What is needed: Print the records below exactly, and do not carry over any picture.

[Scraped caption text data]
--

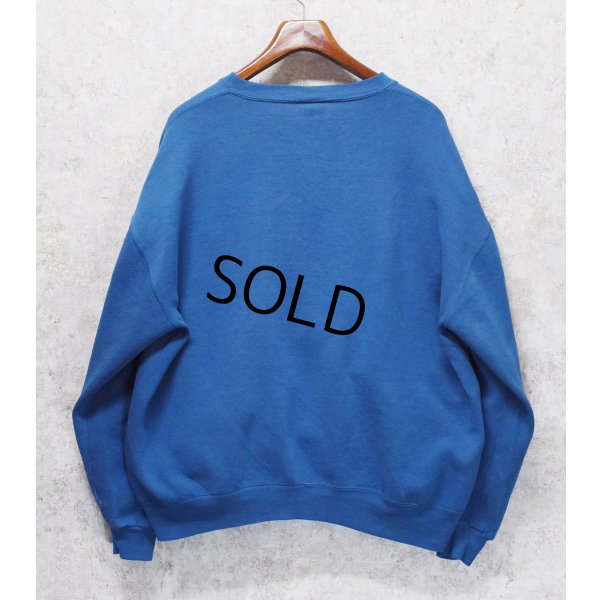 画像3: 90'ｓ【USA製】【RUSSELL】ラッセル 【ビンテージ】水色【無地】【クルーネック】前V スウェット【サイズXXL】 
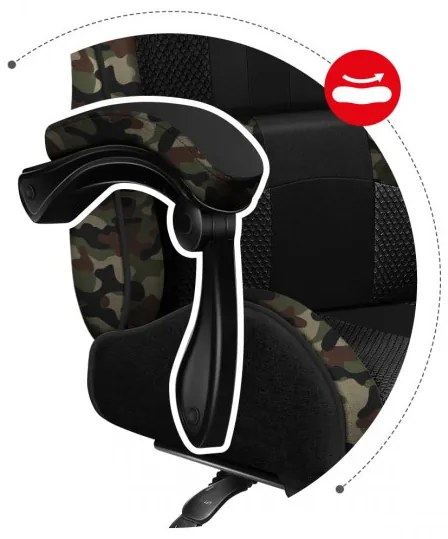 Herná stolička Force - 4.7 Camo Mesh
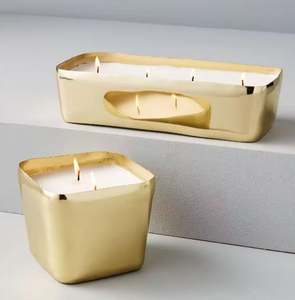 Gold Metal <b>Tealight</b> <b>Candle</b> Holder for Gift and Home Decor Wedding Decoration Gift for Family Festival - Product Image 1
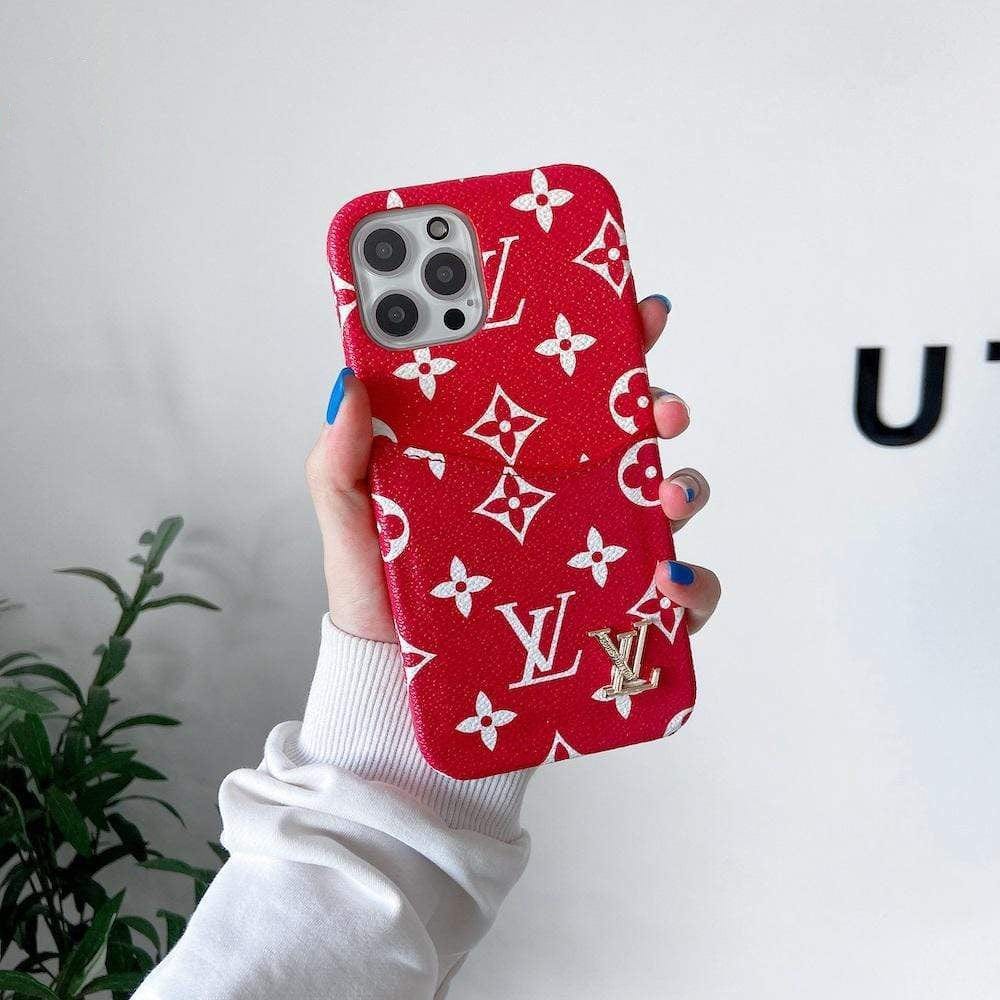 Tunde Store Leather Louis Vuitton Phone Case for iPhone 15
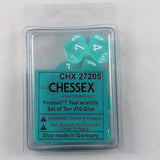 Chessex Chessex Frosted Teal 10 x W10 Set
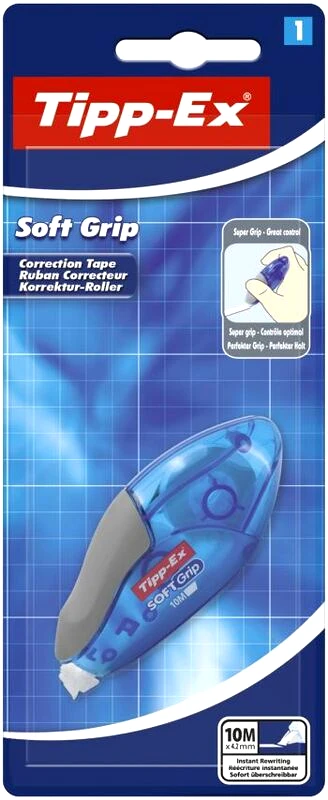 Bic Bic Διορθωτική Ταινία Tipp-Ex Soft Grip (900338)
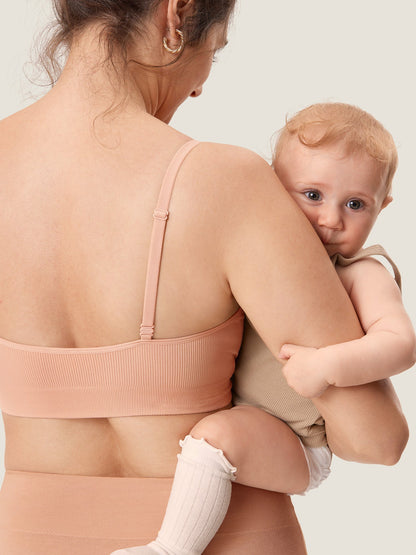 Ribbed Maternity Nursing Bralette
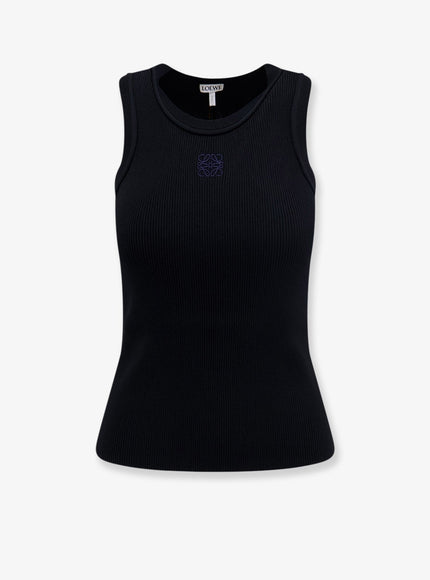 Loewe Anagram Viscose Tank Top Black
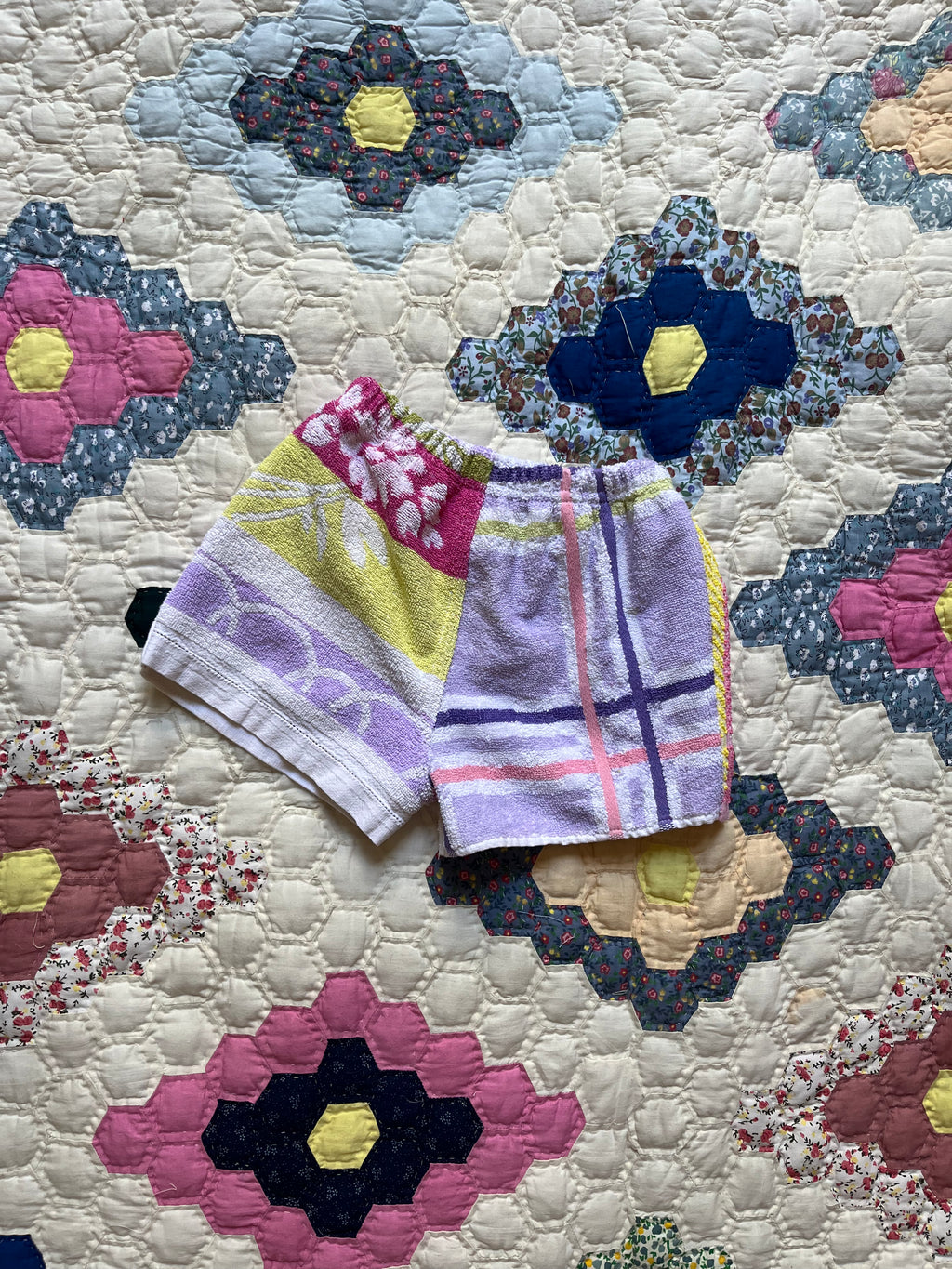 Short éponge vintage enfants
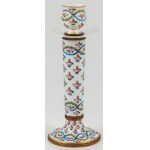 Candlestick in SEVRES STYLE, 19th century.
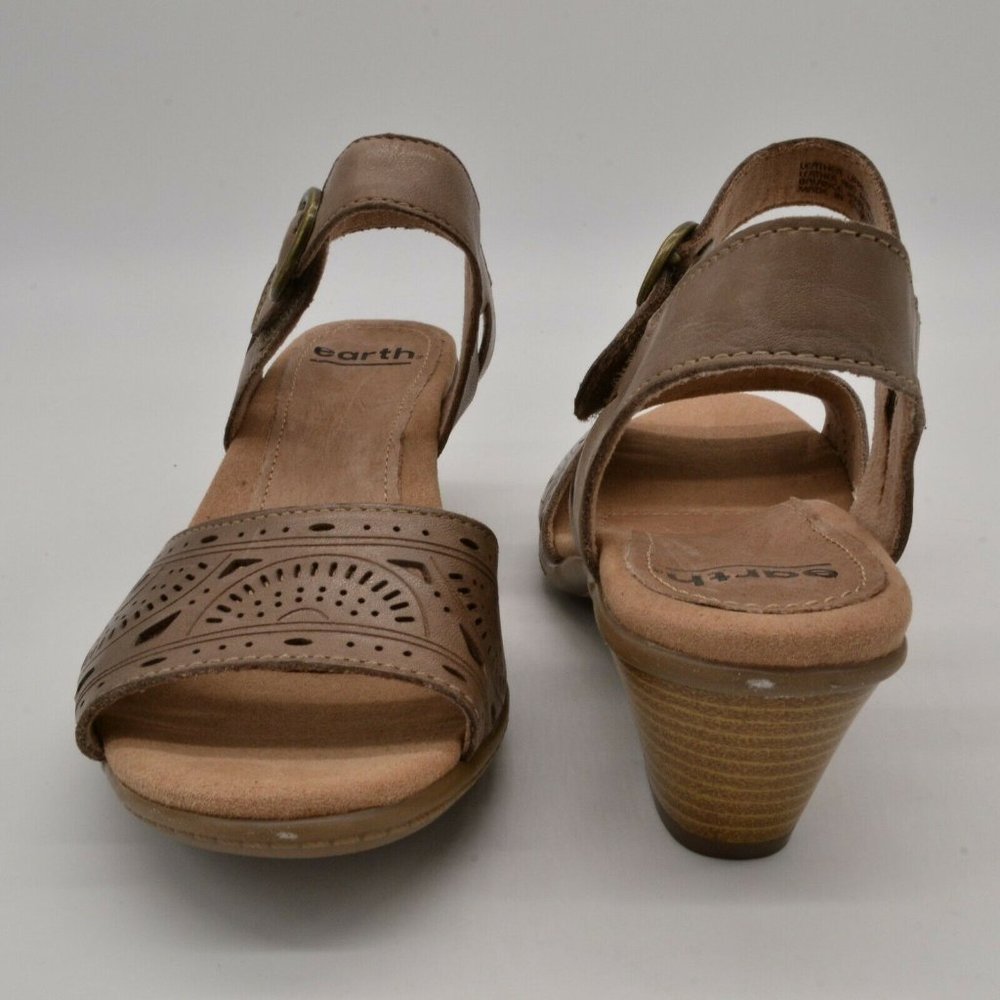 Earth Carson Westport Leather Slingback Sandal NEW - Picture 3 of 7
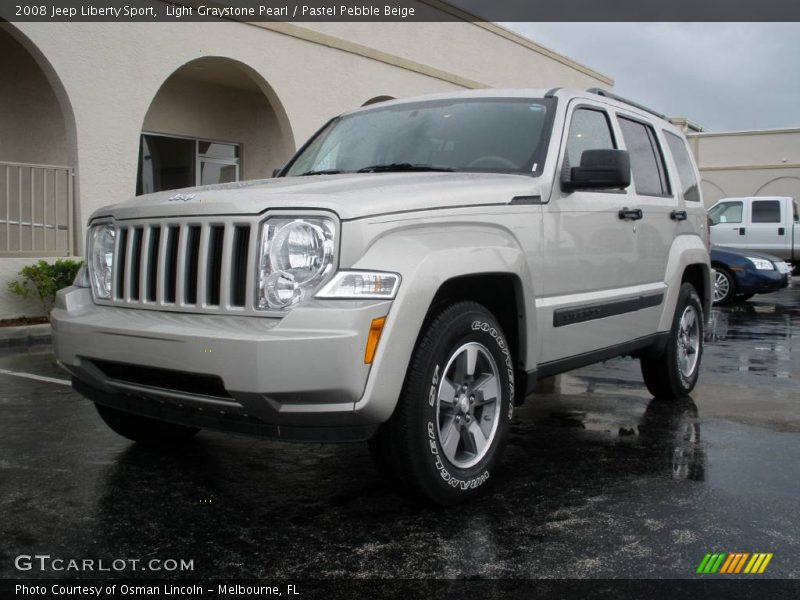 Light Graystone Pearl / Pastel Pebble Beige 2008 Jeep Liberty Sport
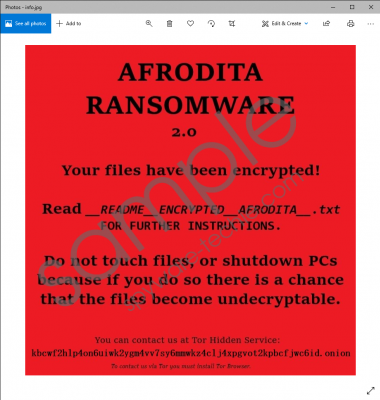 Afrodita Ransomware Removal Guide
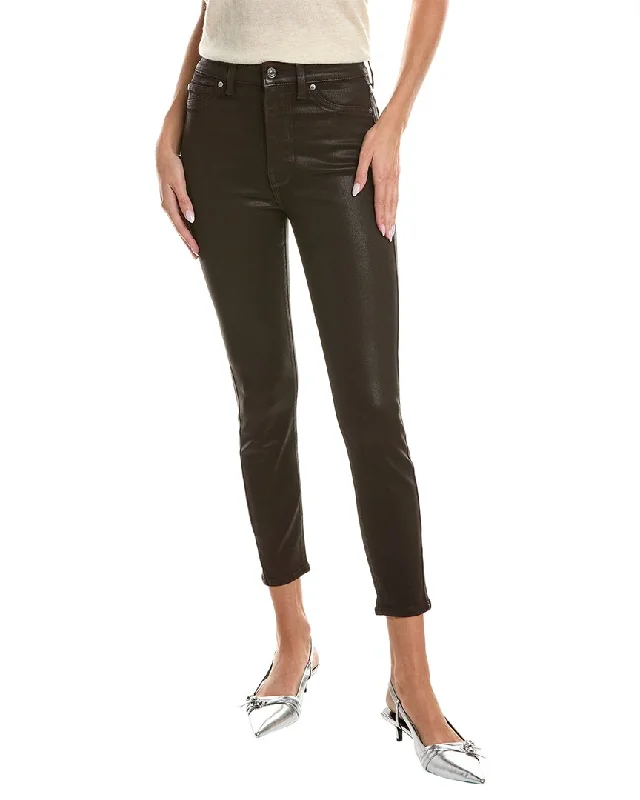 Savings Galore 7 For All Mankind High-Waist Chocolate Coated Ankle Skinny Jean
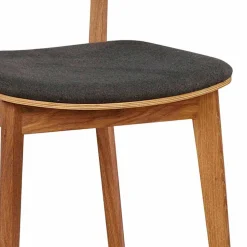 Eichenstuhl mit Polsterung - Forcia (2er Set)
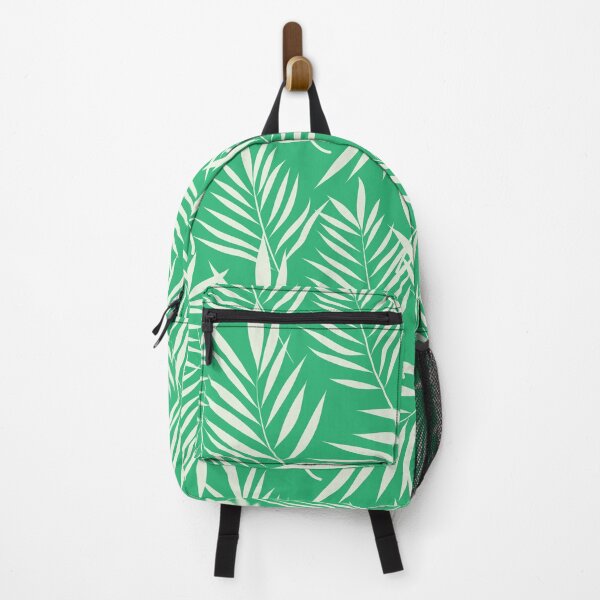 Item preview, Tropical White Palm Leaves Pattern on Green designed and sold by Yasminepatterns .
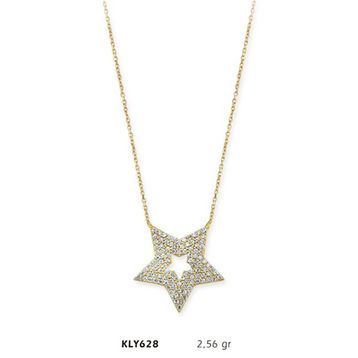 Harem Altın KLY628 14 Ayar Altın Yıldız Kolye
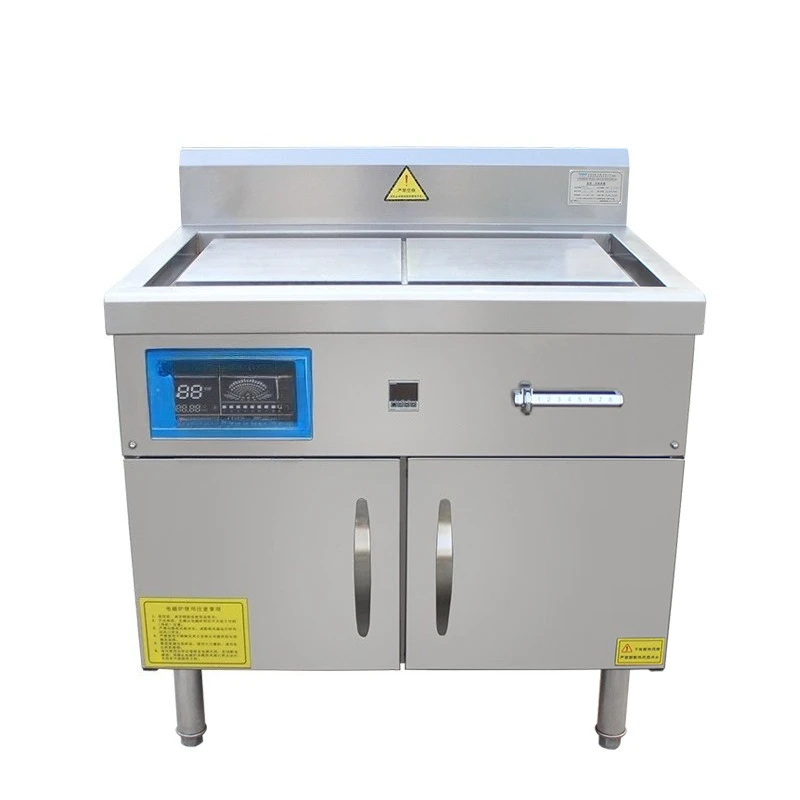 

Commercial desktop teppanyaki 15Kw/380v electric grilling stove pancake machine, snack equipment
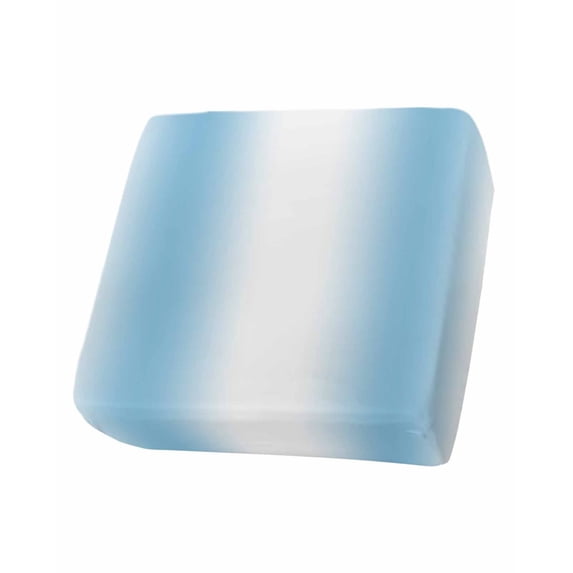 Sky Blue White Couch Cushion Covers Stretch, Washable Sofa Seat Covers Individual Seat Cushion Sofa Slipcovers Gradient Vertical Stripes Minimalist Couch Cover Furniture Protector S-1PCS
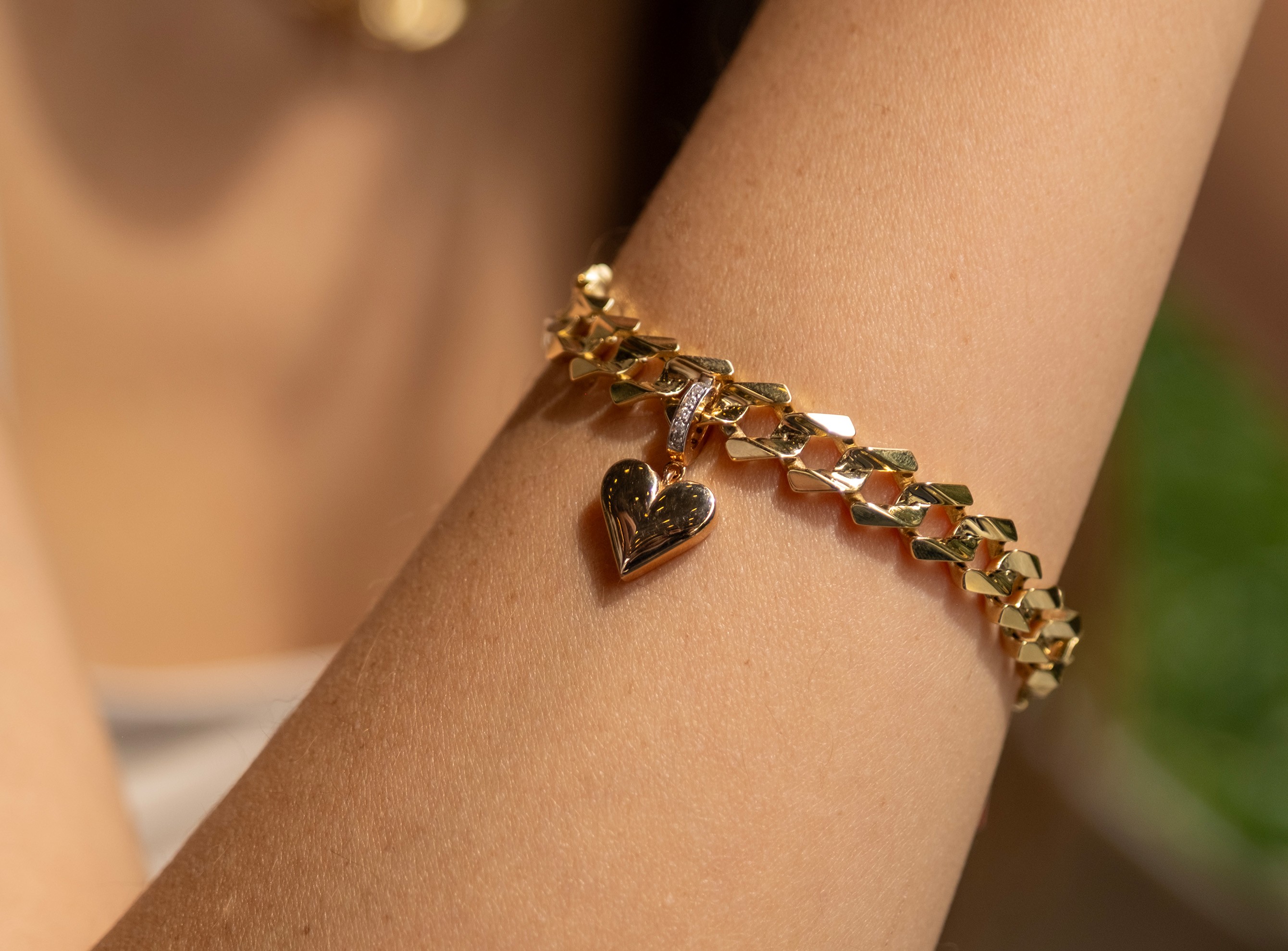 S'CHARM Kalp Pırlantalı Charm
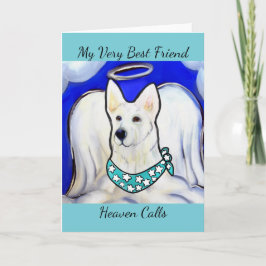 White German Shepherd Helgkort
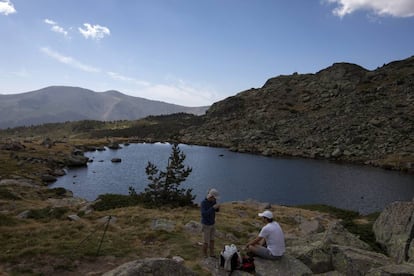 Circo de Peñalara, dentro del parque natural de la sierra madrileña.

--

Exercise result:
 画像3: 90'ｓ【USA製】【RUSSELL】ラッセル 【ビンテージ】水色【無地】【クルーネック】前V スウェット【サイズXXL】 
 Herná stolička Force - 4.7 Camo Mesh
 Gold Metal <b>Tealight</b> <b>Candle</b> Holder for Gift and Home Decor Wedding Decoration Gift for Family Festival - Product Image 1
 Tunde Store Leather Louis Vuitton Phone Case for iPhone 15
 Chessex Chessex Frosted Teal 10 x W10 Set
 Bic Bic Διορθωτική Ταινία Tipp-Ex Soft Grip (900338)
 Ribbed Maternity Nursing Bralette
 Loewe Anagram Viscose Tank Top Black
 Short éponge vintage enfants
 Candlestick in SEVRES STYLE, 19th century.
 Earth Carson Westport Leather Slingback Sandal NEW - Picture 3 of 7
 Light Graystone Pearl / Pastel Pebble Beige 2008 Jeep Liberty Sport
 Afrodita Ransomware Removal Guide
 Savings Galore 7 For All Mankind High-Waist Chocolate Coated Ankle Skinny Jean
 Eichenstuhl mit Polsterung - Forcia (2er Set)
 Item preview, Tropical White Palm Leaves Pattern on Green designed and sold by Yasminepatterns .
 Harem Altın KLY628 14 Ayar Altın Yıldız Kolye

Commercial desktop teppanyaki 15Kw/380v electric grilling stove pancake machine, snack equipment
 Sky Blue White Couch Cushion Covers Stretch, Washable Sofa Seat Covers Individual Seat Cushion Sofa Slipcovers Gradient Vertical Stripes Minimalist Couch Cover Furniture Protector S-1PCS
 S'CHARM Kalp Pırlantalı Charm
 White German Shepherd Helgkort
 Circo de Peñalara, dentro del parque natural de la sierra madrileña.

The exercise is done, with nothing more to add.